» **Records for the exercise**:
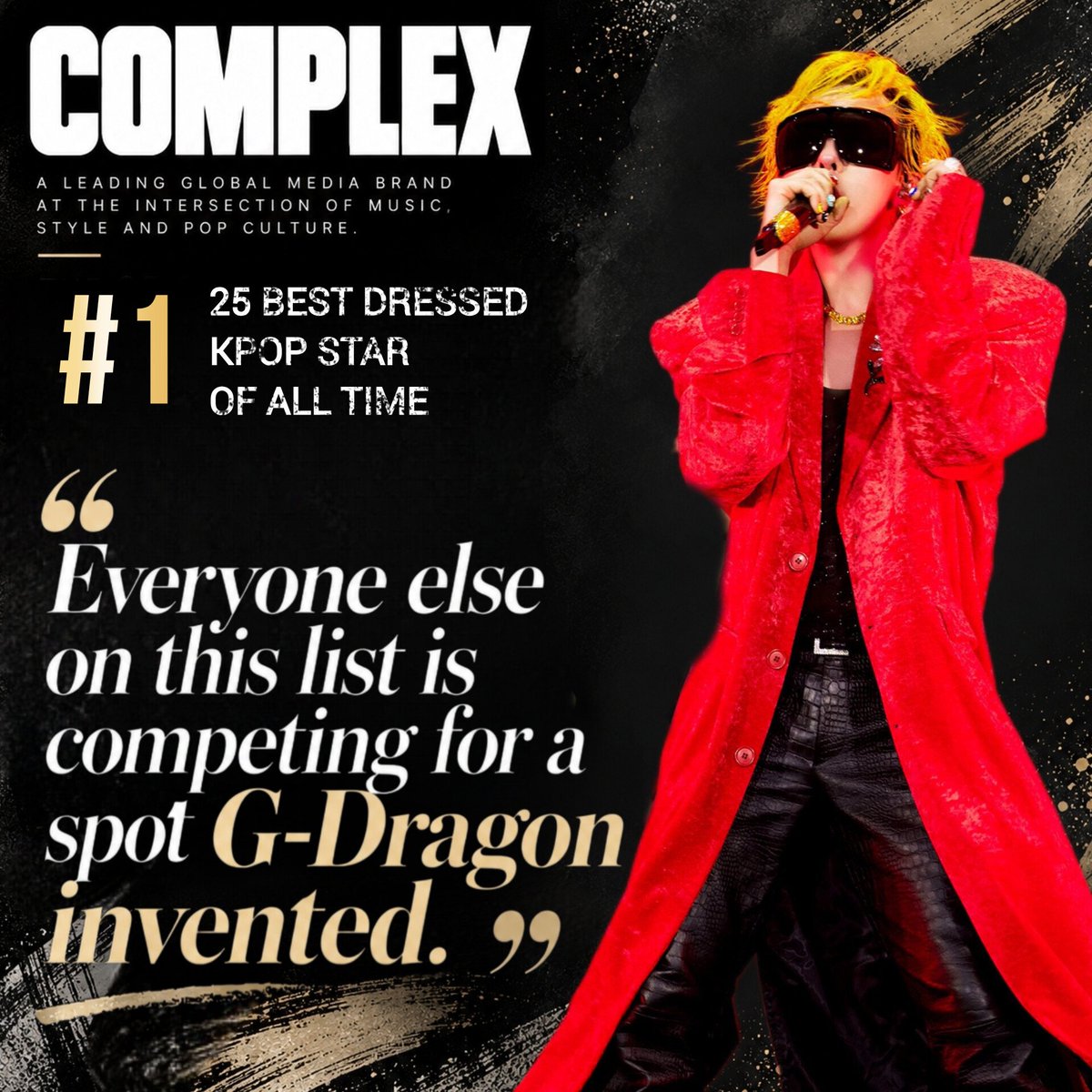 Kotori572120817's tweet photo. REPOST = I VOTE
* * *
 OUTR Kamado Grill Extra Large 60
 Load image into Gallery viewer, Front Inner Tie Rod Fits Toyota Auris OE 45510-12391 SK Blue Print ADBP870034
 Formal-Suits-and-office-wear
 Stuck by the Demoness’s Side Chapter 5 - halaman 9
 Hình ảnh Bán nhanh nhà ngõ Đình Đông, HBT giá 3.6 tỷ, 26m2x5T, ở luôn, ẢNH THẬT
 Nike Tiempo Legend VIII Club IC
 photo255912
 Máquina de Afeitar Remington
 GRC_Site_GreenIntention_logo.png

» **What is being asked**:
Above are some records; copy exactly the lines from the one with "Hình ảnh Bán" through the one with "GRC_Site_GreenIntention_logo.png", both included, and no others.

» **Task solution**:
 Hình ảnh Bán nhanh nhà ngõ Đình Đông, HBT giá 3.6 tỷ, 26m2x5T, ở luôn, ẢNH THẬT
 Nike Tiempo Legend VIII Club IC
 photo255912
 Máquina de Afeitar Remington
 GRC_Site_GreenIntention_logo.png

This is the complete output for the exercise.